* Provided records
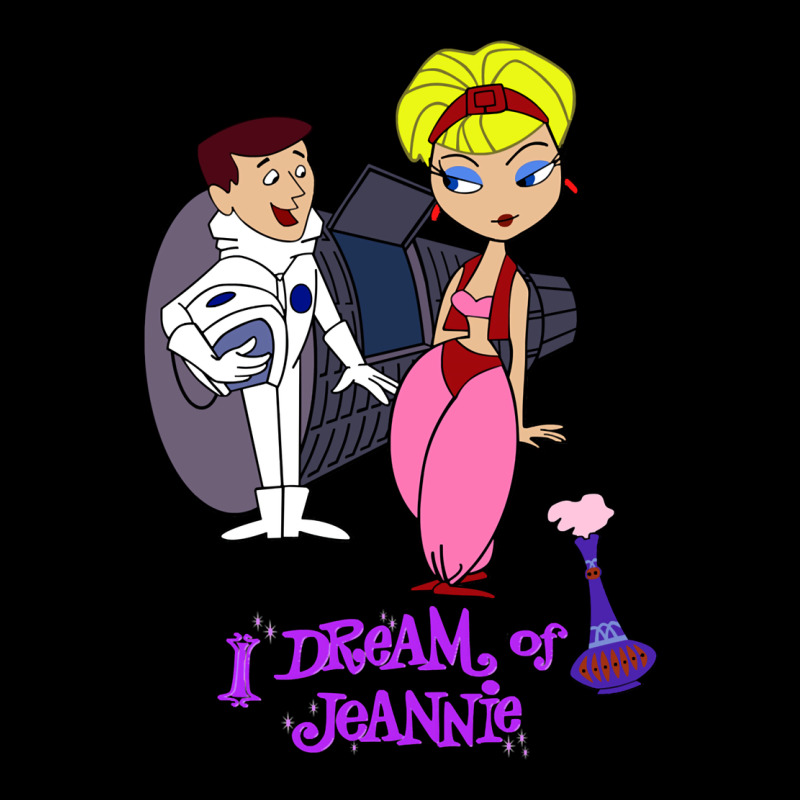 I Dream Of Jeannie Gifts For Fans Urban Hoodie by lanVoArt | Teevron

==

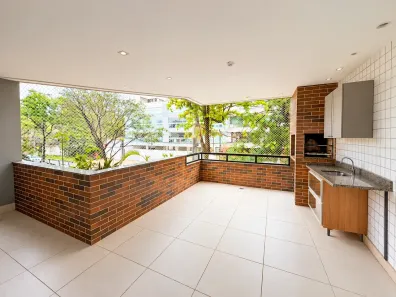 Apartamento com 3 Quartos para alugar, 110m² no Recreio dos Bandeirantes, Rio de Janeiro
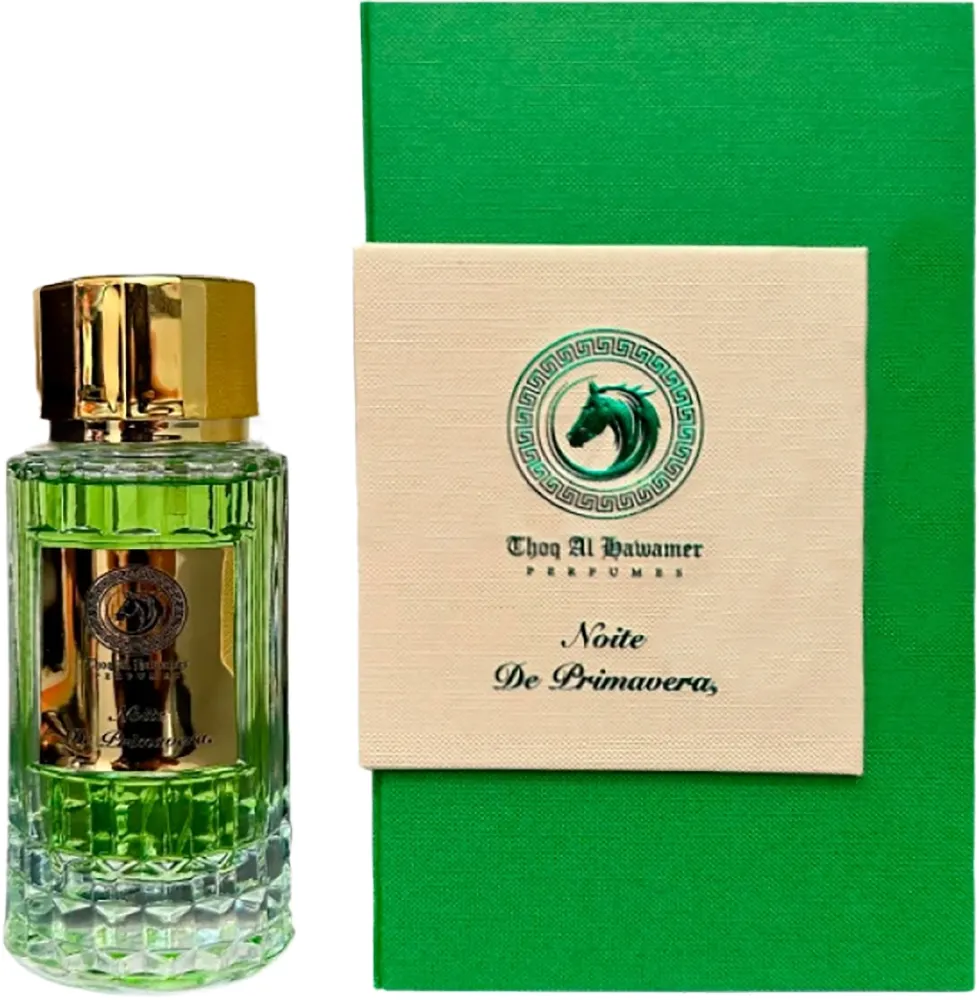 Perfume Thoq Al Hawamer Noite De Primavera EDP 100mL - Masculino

* Assignment
Repeat exactly the lines above, beginning at the one containing "Apartamento com 3" and ending at the one containing "Perfume Thoq Al". Do not carry over any pictures.

* Your solution
 Apartamento com 3 Quartos para alugar, 110m² no Recreio dos Bandeirantes, Rio de Janeiro
 Perfume Thoq Al Hawamer Noite De Primavera EDP 100mL - Masculino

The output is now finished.